Diagnostic Evaluation
History and Physical Examination:
- Onset and progression of neurological symptoms
- Stroke risk factors and comorbidities
Neuroimaging:
- Noncontrast CT scan : First-line to exclude hemorrhage; may be normal early in ischemic stroke.
- MRI with diffusion-weighted imaging (DWI) : Most sensitive for early ischemia detection.
- CT or MR angiography : To identify vascular occlusions.
- Cerebral angiography : Reserved for intervention planning.
Laboratory Studies:
- Complete blood count (CBC): Detect polycythemia or infection.
- Basic metabolic panel: Rule out metabolic mimics (hypoglycemia, hyponatremia).
- Coagulation profile: Identify coagulopathies.
- Cardiac biomarkers: Evaluate for concurrent myocardial ischemia.
- ECG and echocardiography: Assess cardiac sources of emboli.
Additional tests:
- Lumbar puncture: If suspicion for subarachnoid hemorrhage with negative CT or meningitis.
Management of Ischemic Stroke
Initial stabilization:
- ABCs (Airway, Breathing, Circulation)
- Supportive care including oxygen, fluids, and blood pressure management
Reperfusion therapy:
- Intravenous thrombolysis (IV tPA) within 3-4.5 hours of symptom onset (Alteplase 0.9 mg/kg; max 90 mg)
- Mechanical thrombectomy for large vessel occlusion within 6-24 hours in selected patients
Antiplatelet therapy:
- Aspirin initiated 24–48 hours post thrombolysis to reduce recurrent stroke risk
- Alternatives: Clopidogrel or dipyridamole if aspirin contraindicated
Secondary prevention:
- Control hypertension, diabetes, and hyperlipidemia
- Smoking cessation and lifestyle modification
- Statins for atherosclerotic disease
- Anticoagulation for cardioembolic sources (e.g., atrial fibrillation)
Neuroprotection (investigational):
- Targeting glutamate excitotoxicity, free radicals, calcium influx, and apoptotic pathways to preserve the ischemic penumbra (currently experimental)

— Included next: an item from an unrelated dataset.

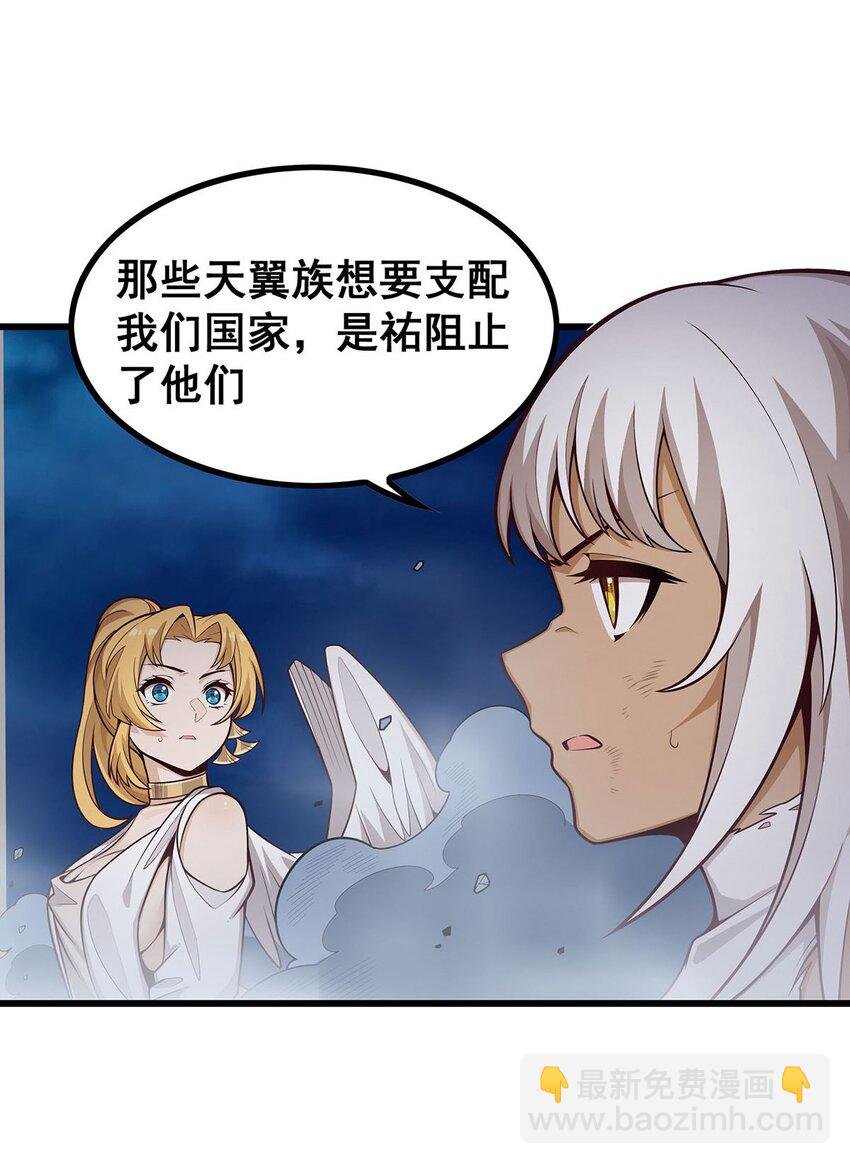401 强弩之末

High-Yield Notes for NCLEX/USMLE
- Ischemic stroke accounts for ~85% of strokes; hemorrhagic for ~15%.
- Stroke risk doubles every decade after 55 years of age.

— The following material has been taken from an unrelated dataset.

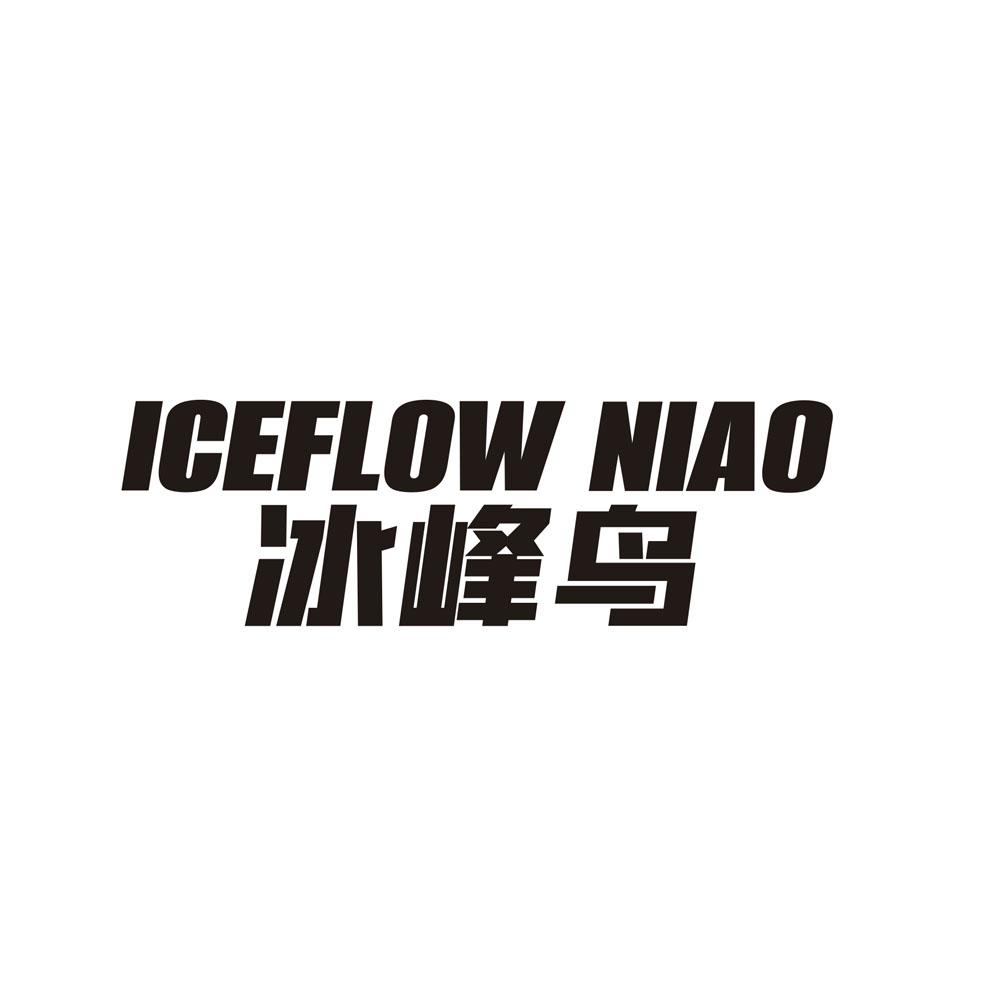 转让商标-ICEFLOW NIAO 冰峰鸟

- Sudden onset focal neurological deficit lasting >24 hours is stroke; <24 hours is TIA.
- Most common cause: thrombotic occlusion over atherosclerotic plaques.

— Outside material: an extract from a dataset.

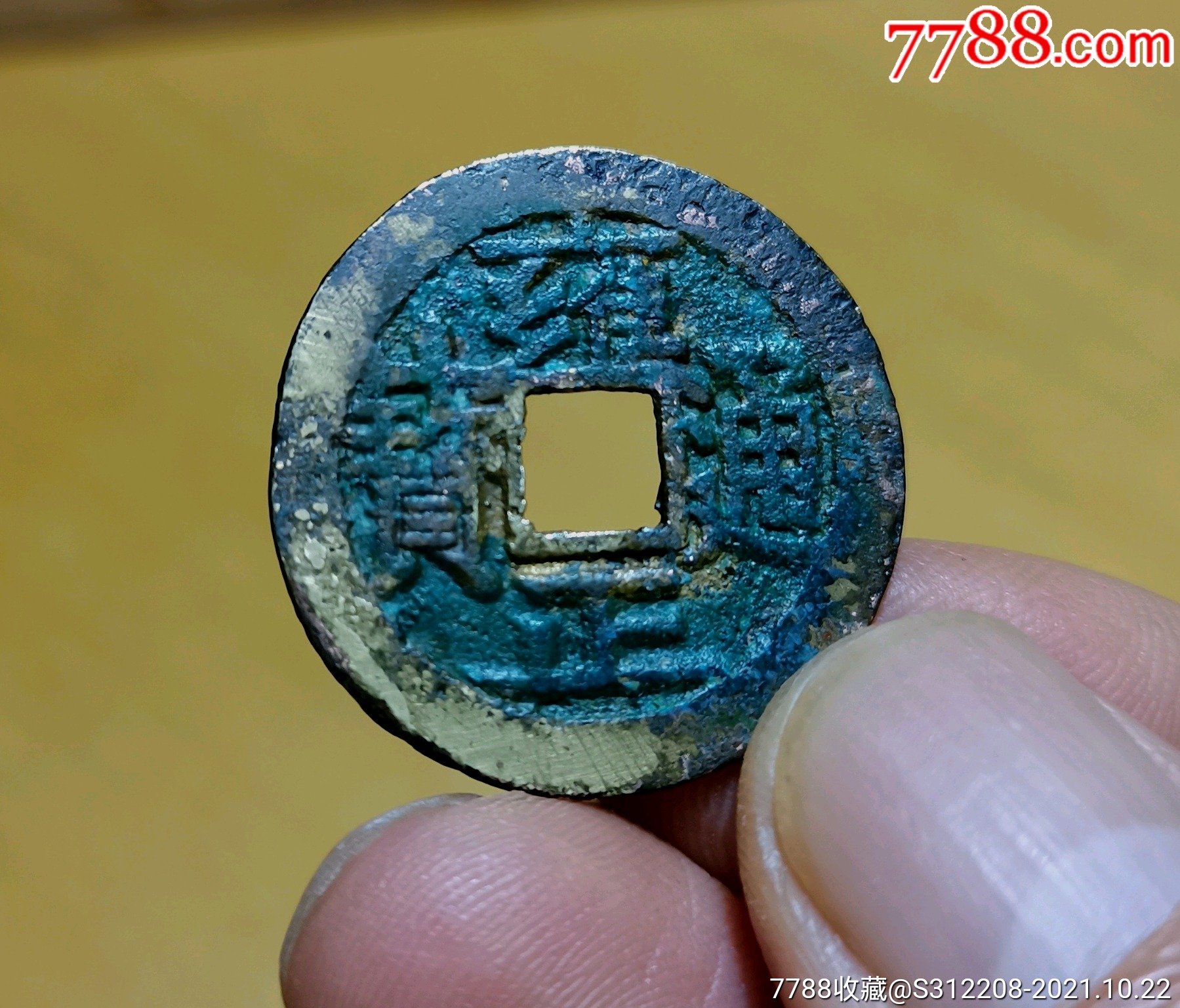 宝泉局雍正通宝大字大满文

- Reperfusion with IV tPA must be initiated within 3-4.5 hours.
- Mechanical thrombectomy is for large vessel occlusions and can extend treatment window.
- Early aspirin reduces recurrent ischemic stroke risk but is delayed until 24 hours after thrombolysis.
- Neuroimaging is essential to rule out hemorrhage before thrombolysis.
- Penumbra: ischemic brain tissue at risk but potentially salvageable with timely treatment.
- Control modifiable risk factors aggressively to prevent primary and secondary stroke.